Making a flow network

Define directed graph $G' = (V', E')$ where $V' = V \cup \{s,t\}$ and

$$E' = \{ (u,v), (v,u), (s,x), (x,t) \vert (u,v) \in E, x \in V \}.$$

Where we define capacity

$$c(u,v) = \begin{cases} p(u,v) & \mbox{if } (u,v) \in E\\ f(v) & \mbox{if } u = s\\ b(u) & \mbox{if } v = t\\ \end{cases}.$$

To give flow network $(G', c, s, t)$.

Note a min st-cut of this graph relates to a solution to the altered problem.
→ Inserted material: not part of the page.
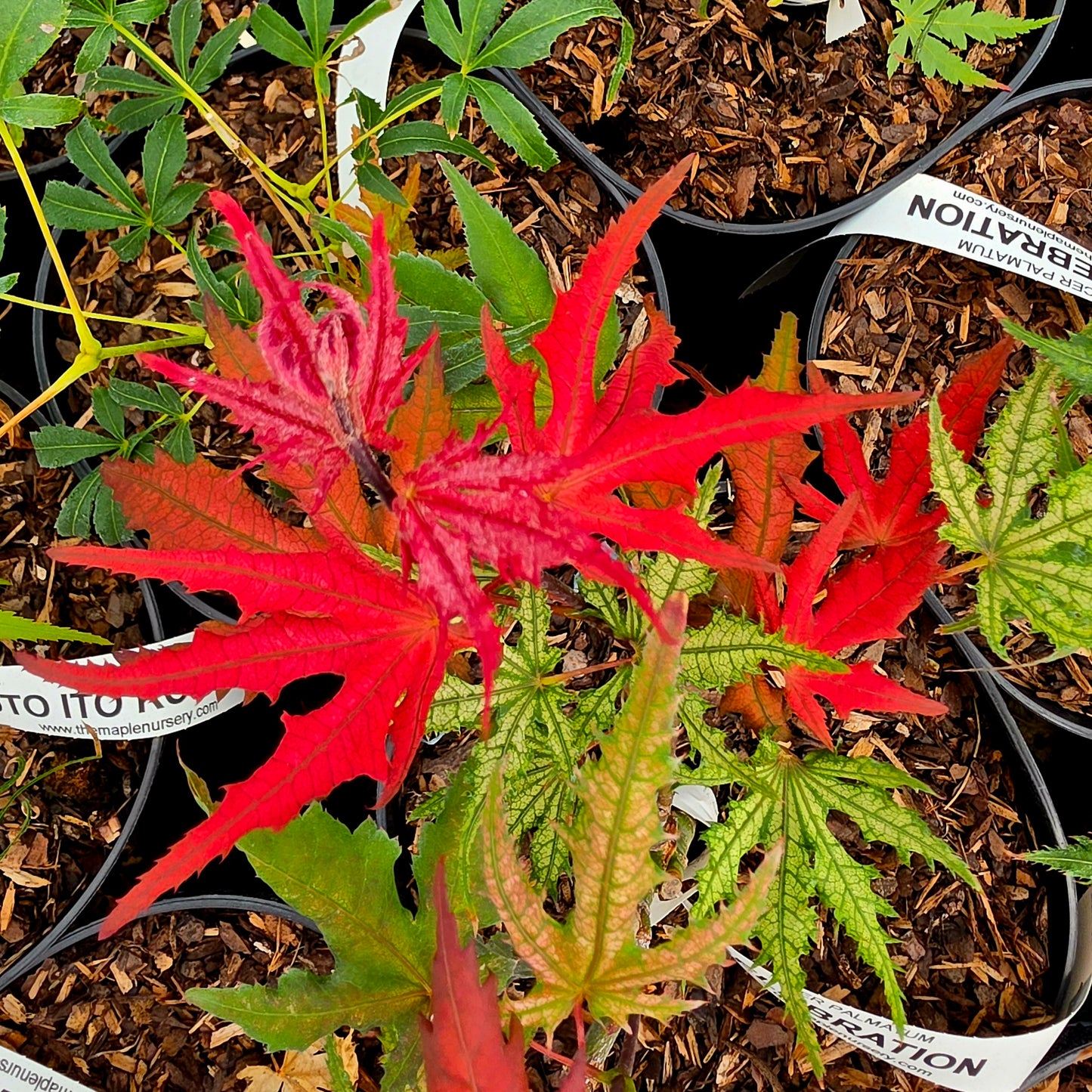 Acer palmatum Celebration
The solution is some cut $(F \cup \{s\}, B \cup \{t\})$ with minimum capacity:

$$\begin{align*} capacity(F \cup \{s\}, B \cup \{t\}) & = \sum_{\substack{(v,w) \in E'\\ v \in F \cup \{s\}, w \in B \cup \{t\}}} c(v,w)\\ & = \sum_{u \in B} c(s, u) + \sum_{v \in F} c(v,t) + \sum_{\substack{(v,w) \in E\\ v \in F, w \in B}} c(v,w)\\ & = \sum_{u \in B} f(u) + \sum_{v \in F} b(v) + \sum_{\substack{(v,w) \in E\\ v \in F, w \in B}} p(v,w)\\ & = w'(F,B). \end{align*}$$

Pseudo code

Image_segmentation(G,f,b,p):
	Input: Image segmentation problem defined by G, f, b, p.
	Output: Maximum value image segmentation.
1. Define flow network (G', c, s, t) as above.
2. Solve the flow network problem F U {s}, B U {t}
3. return F, b.

Runtime

Defining the graph takes at most $O(\vert V \vert + \vert E \vert)$ so the algorithm is dominated by the solution to your flow network problem.